▼

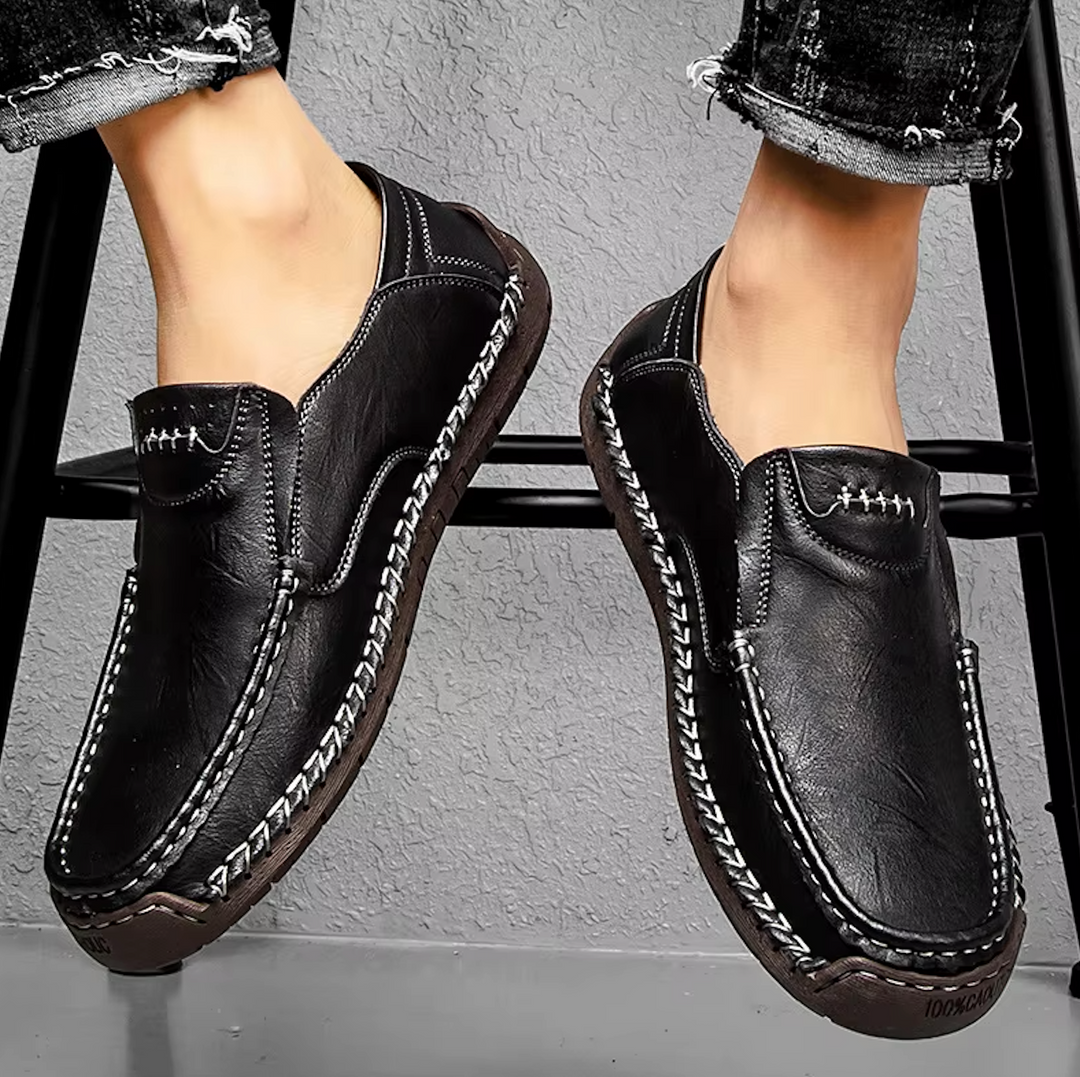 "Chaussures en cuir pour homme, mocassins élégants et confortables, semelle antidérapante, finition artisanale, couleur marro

▲
▼

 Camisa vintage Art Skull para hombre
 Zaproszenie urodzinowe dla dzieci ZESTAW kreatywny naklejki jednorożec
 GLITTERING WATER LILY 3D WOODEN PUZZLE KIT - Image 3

▲

Work instruction: Taking the lines above, repeat exactly those from the line that contains "Zaproszenie urodzinowe dla" through the line that contains "GLITTERING WATER LILY", and both of those lines as well. Include nothing else.

Task solution:
 Zaproszenie urodzinowe dla dzieci ZESTAW kreatywny naklejki jednorożec
 GLITTERING WATER LILY 3D WOODEN PUZZLE KIT - Image 3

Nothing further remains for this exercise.